If you’re building hybrids, you want people using the more efficient modes – not ignoring them because they can’t figure out how.

2021 Honda Accord Hybrid
The 2021 Honda Accord Hybrid.

The Accord also has regenerative braking to help recharge the battery, and paddle shifters on the wheel let drivers choose just how intense they want the braking (thus charging) to be. But that setting, too, disappears after a few seconds without any explanation.
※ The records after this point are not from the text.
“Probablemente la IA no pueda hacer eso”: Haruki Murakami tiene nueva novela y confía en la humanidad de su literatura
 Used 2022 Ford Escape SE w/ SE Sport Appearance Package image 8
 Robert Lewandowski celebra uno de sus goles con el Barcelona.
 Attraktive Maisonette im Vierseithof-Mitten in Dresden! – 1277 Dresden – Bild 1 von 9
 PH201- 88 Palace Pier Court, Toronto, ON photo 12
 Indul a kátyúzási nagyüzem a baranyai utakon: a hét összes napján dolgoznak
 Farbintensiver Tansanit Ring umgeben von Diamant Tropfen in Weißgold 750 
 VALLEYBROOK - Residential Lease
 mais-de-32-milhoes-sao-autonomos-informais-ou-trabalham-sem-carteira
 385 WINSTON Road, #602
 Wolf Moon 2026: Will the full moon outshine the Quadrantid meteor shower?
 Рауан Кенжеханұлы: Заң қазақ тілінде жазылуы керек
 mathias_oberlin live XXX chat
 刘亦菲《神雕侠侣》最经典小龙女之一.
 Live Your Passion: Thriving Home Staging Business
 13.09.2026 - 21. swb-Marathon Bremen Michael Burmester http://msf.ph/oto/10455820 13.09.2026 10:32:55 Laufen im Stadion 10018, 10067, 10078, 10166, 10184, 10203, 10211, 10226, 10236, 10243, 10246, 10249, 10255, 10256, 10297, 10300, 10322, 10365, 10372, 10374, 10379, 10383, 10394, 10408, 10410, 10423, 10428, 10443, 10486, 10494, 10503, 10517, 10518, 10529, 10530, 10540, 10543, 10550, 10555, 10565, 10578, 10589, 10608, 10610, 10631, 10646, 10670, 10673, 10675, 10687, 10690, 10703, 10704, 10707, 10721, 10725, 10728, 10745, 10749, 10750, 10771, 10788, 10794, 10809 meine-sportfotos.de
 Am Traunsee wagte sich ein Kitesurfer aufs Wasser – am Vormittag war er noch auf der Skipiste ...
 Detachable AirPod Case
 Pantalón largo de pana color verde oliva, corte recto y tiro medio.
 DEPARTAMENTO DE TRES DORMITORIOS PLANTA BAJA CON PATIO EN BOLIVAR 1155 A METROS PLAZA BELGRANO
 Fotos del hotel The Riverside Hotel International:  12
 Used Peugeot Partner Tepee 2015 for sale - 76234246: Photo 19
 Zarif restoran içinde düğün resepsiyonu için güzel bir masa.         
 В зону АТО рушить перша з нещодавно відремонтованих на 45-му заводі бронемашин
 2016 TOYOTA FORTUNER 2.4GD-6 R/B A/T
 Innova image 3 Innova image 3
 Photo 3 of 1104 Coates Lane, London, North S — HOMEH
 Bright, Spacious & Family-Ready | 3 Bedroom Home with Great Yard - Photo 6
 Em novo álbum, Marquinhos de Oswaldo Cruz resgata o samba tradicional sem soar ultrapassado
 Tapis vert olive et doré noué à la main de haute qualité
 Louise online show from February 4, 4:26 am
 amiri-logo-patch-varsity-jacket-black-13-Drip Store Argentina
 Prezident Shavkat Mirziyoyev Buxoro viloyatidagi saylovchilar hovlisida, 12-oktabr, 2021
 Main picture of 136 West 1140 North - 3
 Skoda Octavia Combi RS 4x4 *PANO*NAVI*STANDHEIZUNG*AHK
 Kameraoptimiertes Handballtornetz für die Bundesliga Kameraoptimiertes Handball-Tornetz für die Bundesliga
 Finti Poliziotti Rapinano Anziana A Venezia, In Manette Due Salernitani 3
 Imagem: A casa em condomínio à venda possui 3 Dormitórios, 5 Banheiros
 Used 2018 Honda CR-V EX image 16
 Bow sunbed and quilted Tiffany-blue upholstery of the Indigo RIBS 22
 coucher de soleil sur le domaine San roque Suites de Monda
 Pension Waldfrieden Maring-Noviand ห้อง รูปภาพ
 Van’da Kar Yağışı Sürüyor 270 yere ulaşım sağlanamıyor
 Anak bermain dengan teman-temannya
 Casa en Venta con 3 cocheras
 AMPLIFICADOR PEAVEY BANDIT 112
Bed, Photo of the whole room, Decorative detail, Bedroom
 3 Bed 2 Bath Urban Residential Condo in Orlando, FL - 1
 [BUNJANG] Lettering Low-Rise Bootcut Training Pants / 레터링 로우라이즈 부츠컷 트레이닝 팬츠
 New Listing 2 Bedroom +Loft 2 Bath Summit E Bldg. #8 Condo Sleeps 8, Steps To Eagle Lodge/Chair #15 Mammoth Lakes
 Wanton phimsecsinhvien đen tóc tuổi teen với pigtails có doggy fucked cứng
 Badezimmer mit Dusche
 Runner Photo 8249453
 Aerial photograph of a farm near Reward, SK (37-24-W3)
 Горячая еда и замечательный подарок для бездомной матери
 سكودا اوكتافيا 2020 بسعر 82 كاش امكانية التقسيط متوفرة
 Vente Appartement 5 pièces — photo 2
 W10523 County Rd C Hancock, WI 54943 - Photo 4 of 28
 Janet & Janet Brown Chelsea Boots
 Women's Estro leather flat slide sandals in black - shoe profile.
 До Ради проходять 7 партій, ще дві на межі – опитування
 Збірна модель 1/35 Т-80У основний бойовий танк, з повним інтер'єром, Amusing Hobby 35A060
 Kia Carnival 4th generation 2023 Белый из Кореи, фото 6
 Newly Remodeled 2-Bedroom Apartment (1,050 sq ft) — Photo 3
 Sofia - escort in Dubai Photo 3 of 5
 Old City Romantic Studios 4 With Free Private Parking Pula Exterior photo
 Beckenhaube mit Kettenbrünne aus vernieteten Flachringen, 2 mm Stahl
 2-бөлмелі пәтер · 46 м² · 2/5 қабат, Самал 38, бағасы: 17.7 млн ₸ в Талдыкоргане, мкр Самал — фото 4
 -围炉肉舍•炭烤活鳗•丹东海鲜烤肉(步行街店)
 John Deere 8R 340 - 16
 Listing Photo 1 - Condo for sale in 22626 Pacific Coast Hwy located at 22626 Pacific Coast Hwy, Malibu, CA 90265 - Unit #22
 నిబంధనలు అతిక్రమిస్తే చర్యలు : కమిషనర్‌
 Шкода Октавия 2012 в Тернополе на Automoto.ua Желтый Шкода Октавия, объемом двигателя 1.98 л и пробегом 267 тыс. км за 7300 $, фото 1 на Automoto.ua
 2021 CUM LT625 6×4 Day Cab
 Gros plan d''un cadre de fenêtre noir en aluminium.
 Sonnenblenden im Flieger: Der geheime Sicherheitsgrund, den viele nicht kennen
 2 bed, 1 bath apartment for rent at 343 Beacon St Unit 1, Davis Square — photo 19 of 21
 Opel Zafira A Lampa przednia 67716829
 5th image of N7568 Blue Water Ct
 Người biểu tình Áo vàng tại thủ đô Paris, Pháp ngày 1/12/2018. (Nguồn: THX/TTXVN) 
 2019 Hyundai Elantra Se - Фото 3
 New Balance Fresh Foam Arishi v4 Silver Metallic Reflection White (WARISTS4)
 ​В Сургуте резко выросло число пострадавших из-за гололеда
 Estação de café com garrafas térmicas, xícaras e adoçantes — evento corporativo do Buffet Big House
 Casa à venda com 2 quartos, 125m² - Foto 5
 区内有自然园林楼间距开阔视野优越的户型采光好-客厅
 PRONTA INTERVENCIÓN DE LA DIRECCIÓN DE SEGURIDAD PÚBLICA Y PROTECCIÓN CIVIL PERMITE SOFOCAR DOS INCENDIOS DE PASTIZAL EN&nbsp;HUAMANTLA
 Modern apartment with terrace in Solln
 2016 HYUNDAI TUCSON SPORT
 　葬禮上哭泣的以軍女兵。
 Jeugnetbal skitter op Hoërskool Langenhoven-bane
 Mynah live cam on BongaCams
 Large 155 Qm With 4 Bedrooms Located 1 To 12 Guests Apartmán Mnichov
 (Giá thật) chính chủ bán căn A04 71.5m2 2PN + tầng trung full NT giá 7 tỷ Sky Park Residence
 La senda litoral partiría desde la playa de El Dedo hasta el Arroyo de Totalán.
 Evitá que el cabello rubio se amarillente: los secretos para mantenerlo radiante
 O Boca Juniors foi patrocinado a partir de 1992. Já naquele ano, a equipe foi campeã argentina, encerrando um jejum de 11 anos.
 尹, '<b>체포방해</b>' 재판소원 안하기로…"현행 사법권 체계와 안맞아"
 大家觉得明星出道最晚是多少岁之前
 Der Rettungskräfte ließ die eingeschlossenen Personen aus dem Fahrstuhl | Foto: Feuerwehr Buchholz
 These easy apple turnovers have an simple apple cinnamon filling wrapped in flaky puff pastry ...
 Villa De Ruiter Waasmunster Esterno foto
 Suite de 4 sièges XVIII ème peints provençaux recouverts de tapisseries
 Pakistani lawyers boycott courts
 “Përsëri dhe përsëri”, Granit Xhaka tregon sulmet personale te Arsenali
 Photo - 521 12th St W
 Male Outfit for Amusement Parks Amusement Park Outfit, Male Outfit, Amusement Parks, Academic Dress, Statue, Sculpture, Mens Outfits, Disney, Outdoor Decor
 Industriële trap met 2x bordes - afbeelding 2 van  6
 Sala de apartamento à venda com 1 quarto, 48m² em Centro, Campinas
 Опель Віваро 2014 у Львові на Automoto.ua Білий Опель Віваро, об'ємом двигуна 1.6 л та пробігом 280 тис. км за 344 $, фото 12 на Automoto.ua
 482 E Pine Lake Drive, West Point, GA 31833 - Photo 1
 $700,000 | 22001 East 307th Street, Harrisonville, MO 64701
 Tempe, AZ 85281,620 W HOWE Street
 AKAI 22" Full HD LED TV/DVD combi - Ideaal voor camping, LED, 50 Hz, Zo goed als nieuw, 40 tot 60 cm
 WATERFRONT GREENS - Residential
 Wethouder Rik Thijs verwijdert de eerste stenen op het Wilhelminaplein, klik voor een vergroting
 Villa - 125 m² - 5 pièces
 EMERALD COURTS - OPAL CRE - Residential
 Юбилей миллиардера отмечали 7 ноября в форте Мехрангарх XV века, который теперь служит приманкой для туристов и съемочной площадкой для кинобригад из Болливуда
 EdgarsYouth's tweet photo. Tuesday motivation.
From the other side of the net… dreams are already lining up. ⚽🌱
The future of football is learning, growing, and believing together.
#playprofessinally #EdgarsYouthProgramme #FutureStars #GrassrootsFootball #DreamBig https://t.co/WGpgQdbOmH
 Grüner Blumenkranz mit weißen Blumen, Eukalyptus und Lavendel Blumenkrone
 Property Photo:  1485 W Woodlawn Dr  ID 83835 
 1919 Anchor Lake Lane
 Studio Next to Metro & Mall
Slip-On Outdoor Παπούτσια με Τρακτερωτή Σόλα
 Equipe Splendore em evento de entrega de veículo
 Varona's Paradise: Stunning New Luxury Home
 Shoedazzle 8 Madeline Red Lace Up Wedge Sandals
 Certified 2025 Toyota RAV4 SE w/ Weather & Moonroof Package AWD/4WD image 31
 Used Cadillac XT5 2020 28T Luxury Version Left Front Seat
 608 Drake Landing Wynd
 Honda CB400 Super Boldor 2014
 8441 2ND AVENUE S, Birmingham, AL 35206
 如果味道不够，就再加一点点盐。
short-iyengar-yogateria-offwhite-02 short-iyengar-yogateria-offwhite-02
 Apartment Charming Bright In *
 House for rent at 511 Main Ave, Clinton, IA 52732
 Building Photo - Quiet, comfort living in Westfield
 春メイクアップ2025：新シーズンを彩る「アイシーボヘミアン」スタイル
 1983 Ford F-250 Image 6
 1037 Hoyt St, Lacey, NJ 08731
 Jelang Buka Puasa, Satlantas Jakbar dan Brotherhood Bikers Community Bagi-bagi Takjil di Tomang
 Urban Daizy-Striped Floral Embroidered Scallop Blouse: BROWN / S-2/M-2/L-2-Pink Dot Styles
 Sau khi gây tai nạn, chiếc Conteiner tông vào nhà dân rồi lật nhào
While the Hybrid Touring trim has barely any wind noise, that isn’t the case with road noise. Drive on a smooth section of pavement and you’re numb to the world around you, but hit rougher stretches and a rugged drone will bring you back to reality. The radio can cover most of the noise at a modest volume, but not get rid of it entirely.

2021 Honda Accord Hybrid
The 2021 Honda Accord Hybrid.

Fingerprints don’t mix well with the Accord’s shiny infotainment screen, which is fine if you’re like me and only use the physical controls. Its visors, visor mirrors, light gray headliner, and orange-yellow interior lights that could’ve been swapped for clean LEDs also don’t fit the classy vibe of the rest of the car; they feel pulled from something cheaper. Keep your eyes down, though, and you might not notice.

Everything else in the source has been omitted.